The better solution? That the 0mq libs do the right thing and don't get wedged. ...

rumcajz · on June 26, 2012

The problem with that is that 0MQ socket abstracts multiple underlying connections. Reporting error would mean making the connections visible to the user. There would have to be connection IDs, accept function, error notifications etc. In the end the whole thing would boil down to ugly version of standard BSD TCP sockets.

The right thing to do re-send the request after disconnection or after timeout have expired. It can be done easily in the application, however, if you want it inside the library, feel free to submit a patch.

sausagefeet · on June 26, 2012

I've been experimenting with being completely asynchronous (and working on being connection-less).
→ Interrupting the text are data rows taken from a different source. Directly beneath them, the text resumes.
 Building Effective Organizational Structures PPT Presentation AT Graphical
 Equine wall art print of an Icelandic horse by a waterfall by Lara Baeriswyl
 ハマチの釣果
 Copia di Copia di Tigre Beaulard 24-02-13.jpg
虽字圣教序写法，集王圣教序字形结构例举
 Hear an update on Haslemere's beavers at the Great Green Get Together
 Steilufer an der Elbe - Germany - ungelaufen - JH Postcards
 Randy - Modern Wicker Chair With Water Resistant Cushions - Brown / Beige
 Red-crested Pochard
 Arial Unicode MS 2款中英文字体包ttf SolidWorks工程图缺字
The protocol layer just wraps up payloads and unpacks them. There is a background heartbeat and when the heartbeat is not met there is a notification that the heartbeat has not been met but the user is in charge of if this should be considered a disconnection. This is mostly inspired by how Oz does distribution. I don't have any good results yet, though.
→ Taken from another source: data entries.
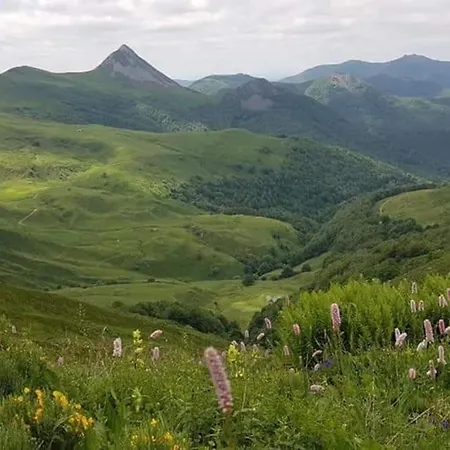 Gite Chaleureux Avec Cheminee Au Pied Du Puy Mary Saint-Paul-de-Salers Exterior photo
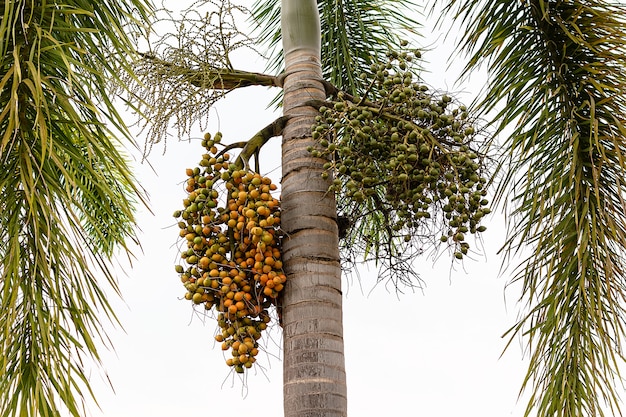 Fruit de palme - plante décorative dans les jardins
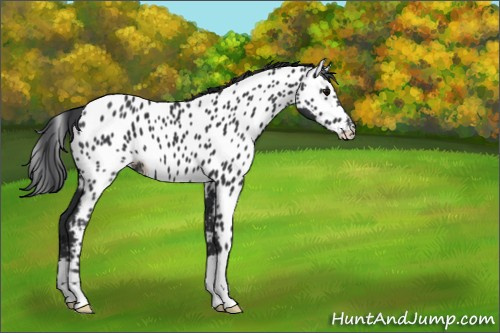 Horse Color:Black Appaloosa
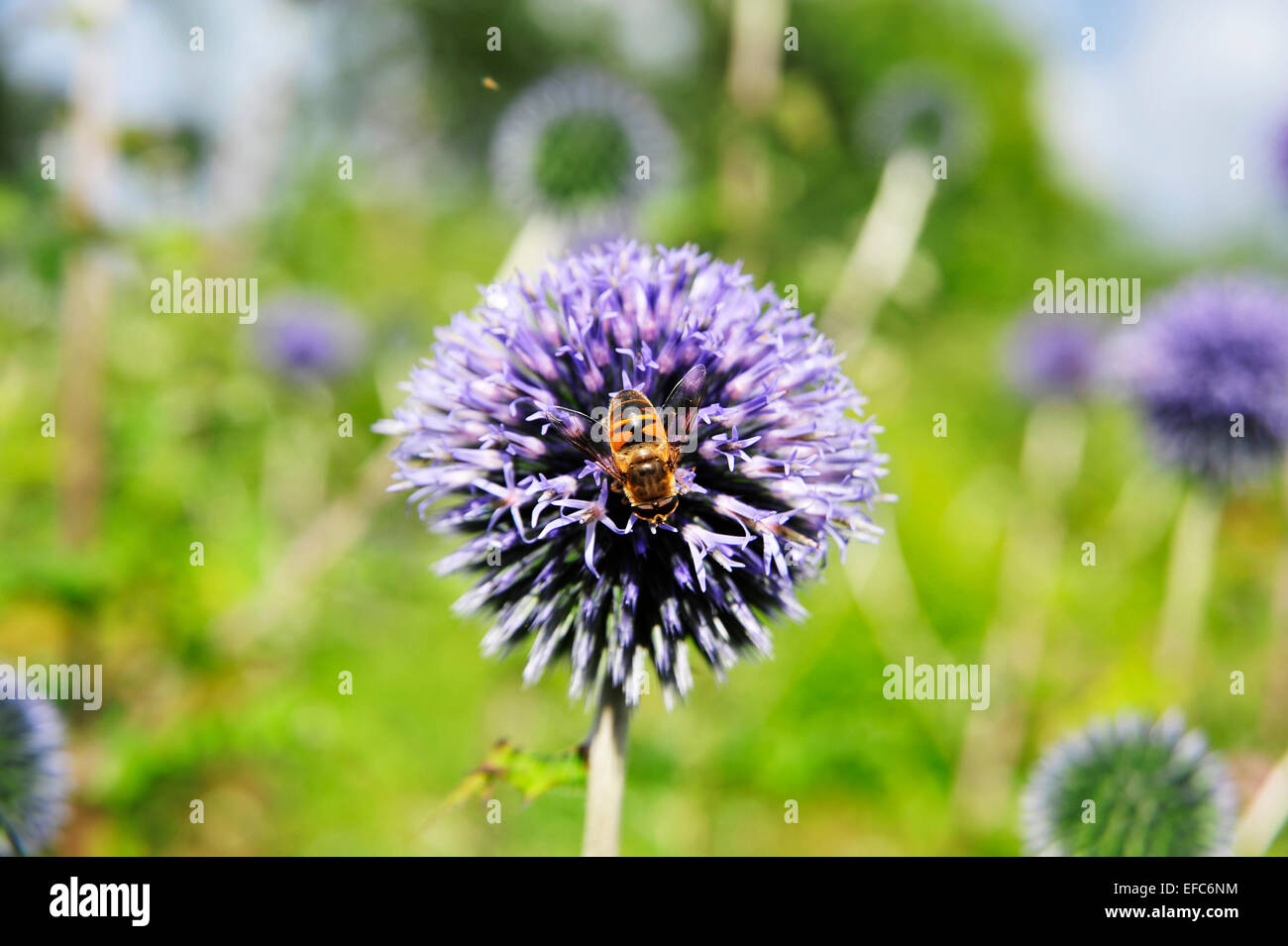 Una abeja en una Allium ornamentales, cebolla. Foto de stock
noselasd · on June 26, 2012

Receiving and handling I/O errors is easy, the harder part is when something goes wrong on the peer and you don't receive an error.
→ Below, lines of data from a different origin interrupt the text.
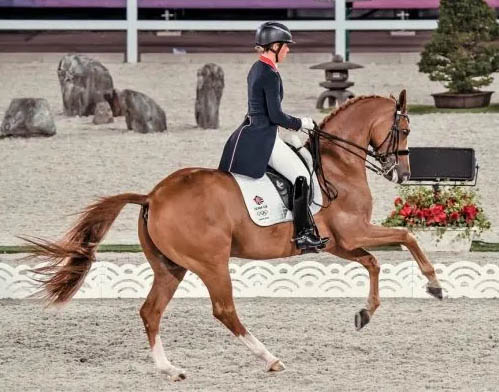 Gio - Dressage Horse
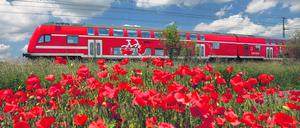 Ein Regionalexpress der Deutschen Bahn fährt in Brandenburg an einem Mohnblumenfeld vorbei. 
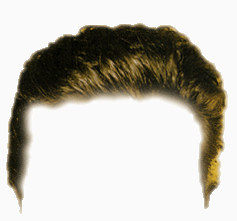 头发   假发   发型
When dealing with network code, you need 1) Timeouts, 2) Keepalives.

What kind of keepalives and timeouts depend entierly on your needs. The problem is that most libraries/protocols doesn't have either, and most example code never shows this. (Any TCP example that does a read() or write() without any form of timeout is a DOS waiting to happen)

stavros · on June 26, 2012

There's a problem when you restart servers at the wrong moment, though, as the article mentions...

rdtsc · on June 26, 2012

So ... in other words there is a serious problem.

Restarting server / a server crash / a network outage and now potentially thousands of clients are in a bad state they cannot recover from. And this was by design. That was the point of the post I think. This isn't as much as an oversight as a bad design decision.

rarrrrrr · on June 26, 2012

Agreed, but the bad design is not in ZMQ, but the way it is being used.

A client should never just wait forever for a response to a message. Any reliable system has to implement something like timeouts our immediate message acknowledgement (at which point maybe you can wait forever for a reply.)

There's a comprehensive discussion of this in chapter 4 "Reliable Request Reply" of the ZMQ guide.

TCP doesn't give you guaranteed response either. Just guaranteed delivery (or error.) In this case, this is exactly what the author's getting with ZMQ. The client's Request socket makes a successful delivery, then the server crashes before generating a response, and the client waits forever for the response that will not come.